OAN Roy Francis
UPDATED 2:26 PM – Wednesday, April 12, 2023
The military draft system in Russia is set to be overhauled, making it “nearly impossible” to avoid military conscription.
On Tuesday, Russian lawmakers voted to implement an electronic draft system, moving on from the paper conscription that is in place.
Currently, Russian men are being served with paper conscription notices that are delivered in person at official addresses, or places of work. Recruiters had often struggled to deliver the papers, and some draftees would refuse to pick up notices from the recruiters.
However, the men who received the notices would be barred from leaving the country after they have received the notice until they appear at a military recruitment office.
The ones who fail to appear before a recruiter within 20 days of delivery, would face several restrictions, including a ban on driving any vehicle, selling or buying real estate, and obtaining any bank loans.
The new draft system, which could be implemented as soon as the end of this week, would apply to both draftees and reservists. It would also mean that a conscription notice would be considered delivered as soon as it is in a person’s account on the “Gosuslugi” portal, which serves as the Russian state portal for electronic services.
“The summons is considered received from the moment it is placed in the personal account of a person liable for military service,” Chairman of the Russian parliament defense committee, Andrei Kartapolov, said.
The changes made to the draft system gave the Kremlin a quicker and more streamlined system which would also close loopholes that thousands of Russians have utilized to dodge the draft when it was announced in 2022.

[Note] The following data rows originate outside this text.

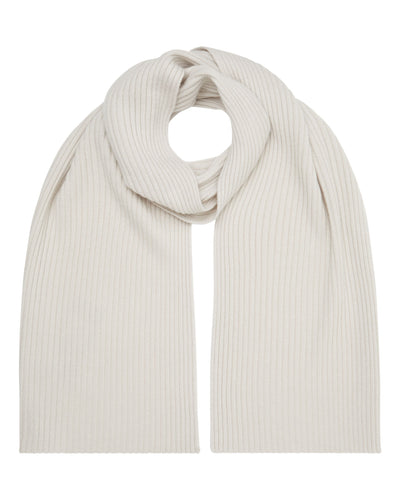 N.Peal Unisex Short Ribbed Cashmere Scarf Snow Grey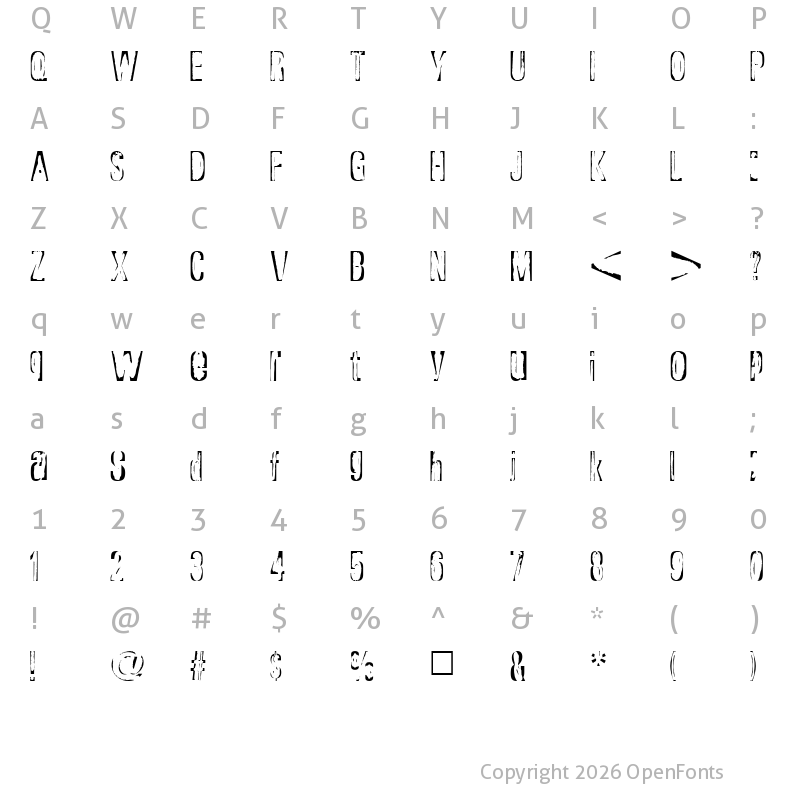 Character Map of Rapture Regular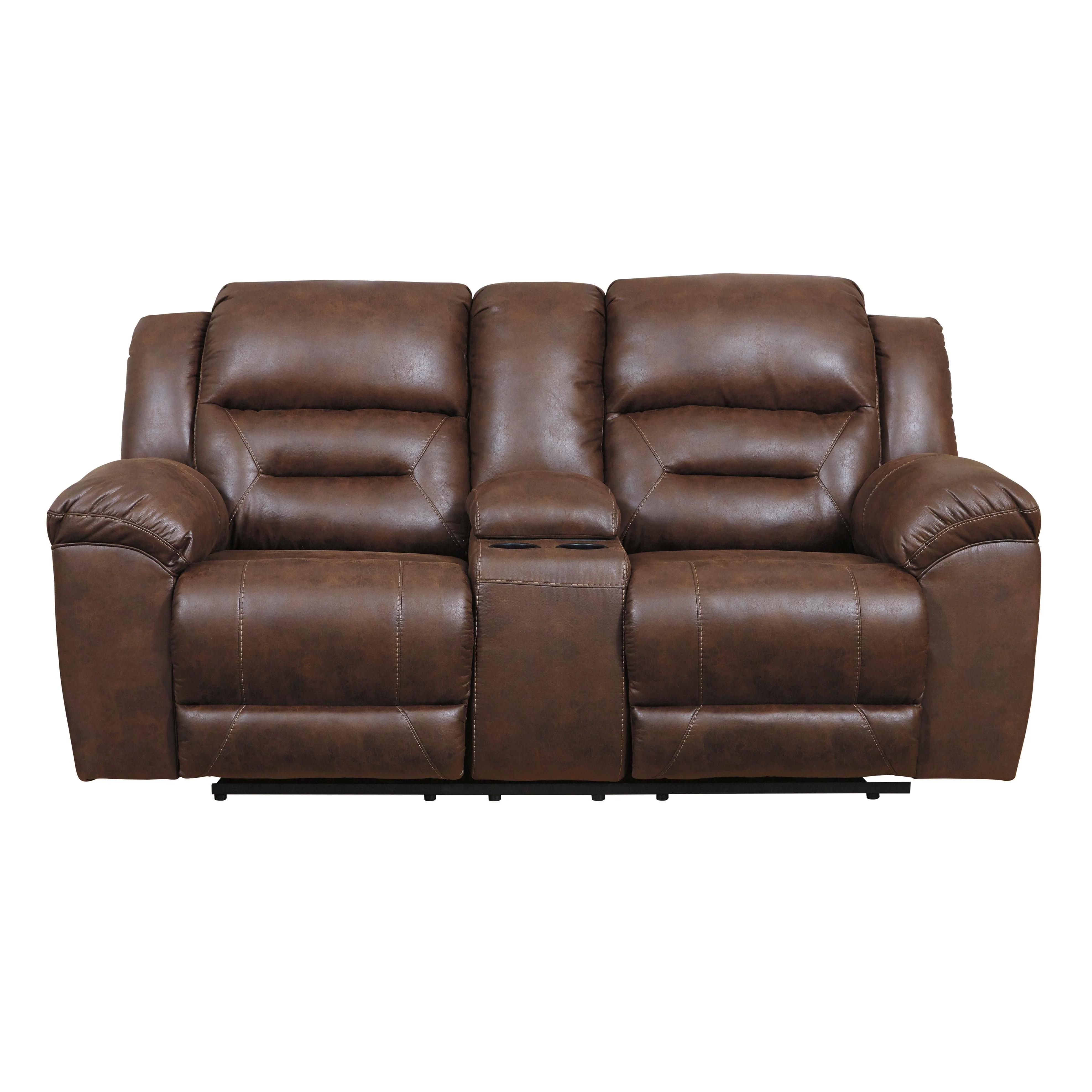 Signature Design by Ashley Stoneland Reclining Leather Look Loveseat with Console 3990494 - Image 1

Russian President Vladimir Putin had announced partial mobilization in September 2022 as his forces in Ukraine began to struggle. The mobilization had caused protests thousands of Russian men who were of age to be conscripted to leave the country.
Those who remained, but were unwilling to fight in Ukraine had hid from authorities so they would not receive the notices. However, despite the resistance, approximately 300,000 men were drafted to fight in the war.
Sergei Shoigu, the Russian Defense Minister, vowed in October that there would be no more mobilization in the foreseeable future due to the major backlash. The Kremlin joined in with the Defense Minister claiming that a second mobilization would be highly unlikely.
Spokesman Dmitry Peskov claimed that the new legislation changes are merely a part of a wider effort in which the Russian government is modernizing it outdated system. He emphasized that the changes do not mean another mobilization effort.
“We need to perfect and modernize the military call-up system,” he said.
The new system was approved by the Russian upper House of Parliament on Wednesday, and now only needs Putin’s signature for it to become law, and go into effect.
A number of Russian lawyers have been sharing legal advice on Russian social media on how the Russian men can avoid getting drafted, many claiming that leaving the country before the new system goes into effect is the only real way to avoid it.
The Russian population is facing a second possible mobilization due to the stalling war effort in Ukraine. Russian defense officials have not reported the country’s death toll, however, Western officials have made the claims that the number is likely in the tens of thousands.
Russian military officials are now also facing the upcoming possible Ukrainian counter-offensive that will take place in the spring, which is also increasing the fear of a new mobilization.
The 2022 conscription order was the first time that Russia had carried out a military mobilization since World War II.
Men between the ages of 18 and 27 are eligible to receive military conscription in Russia, which is carried out twice a year.